四海縦横 发表于 2012-11-1 15:38 
既然是4级阅读题,为什么没有问题呢?
问题
正经英译本及四级题在这里。。是英译版本的。。。不是我译的。。。晕忘记了
Below is an English version of "Jeff's Drilling Factory" (2010) by this year's Nuobei'er Prize winner for literature, Chinese author Ian Mo. It is translated from the original Chinese by an anonymous translator whose name is shown at the top of this post. Read the passage carefully and answer the following 9 multiple-choice questions (1 pt. each).
Jeff's Drilling Factory
by Ian Mo
'Twas a cold night when the two sisters, Jane and May, went out of their igloo to relieve themselves. Jane was fast, but the younger one, May, was shy and dragging. She peed like for a century until the hellish northern wind almost froze her ass off.
Then, she pulled her pants up and asked Jane if there was any secret in peeing so fast.

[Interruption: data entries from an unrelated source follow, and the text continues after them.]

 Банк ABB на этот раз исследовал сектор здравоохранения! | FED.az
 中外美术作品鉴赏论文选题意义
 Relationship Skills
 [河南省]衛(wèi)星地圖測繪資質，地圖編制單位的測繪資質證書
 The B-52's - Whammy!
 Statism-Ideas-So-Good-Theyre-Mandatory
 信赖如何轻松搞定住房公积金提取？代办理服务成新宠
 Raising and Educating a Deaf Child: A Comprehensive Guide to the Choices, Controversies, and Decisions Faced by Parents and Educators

"Thanks to Jeff's drilling." Jane answered with a sarcastic grin.
May went to Jeff, who had married Jane three years ago and worked in a factory that makes drills for ice fishing, and said to him: "I pee slowly, you drill me, quickly!"
Jeff pretended to be embarrassed and replied with a dirty smile: "You see, it's not as easy as it may sound. It's not the usual factory work, but almost like a private workshop that I've done with your sister. So, I guess I'll have to charge you 20 bucks for this kind of drilling, if you know what I mean."
"No 20 bucks, only 18 bucks. I beg you, you drill me, quickly!" said May who seriously only had 18 bucks and slipped all of her money into Jeff's pocket in a hurry.
Jeff was so happy that he almost cried, but he didn't wear his heart on his sleeve. He drilled with all his efforts like a gentle beast until May couldn't even catch her own breath.
Later that night, May went out of the igloo to pee again. She didn't intend to pee into the wind, but the wind was so strong that her pants were wetted. C'est la vie, thus said Luigi the peeper, who was peeping and blessed everyone goodnight.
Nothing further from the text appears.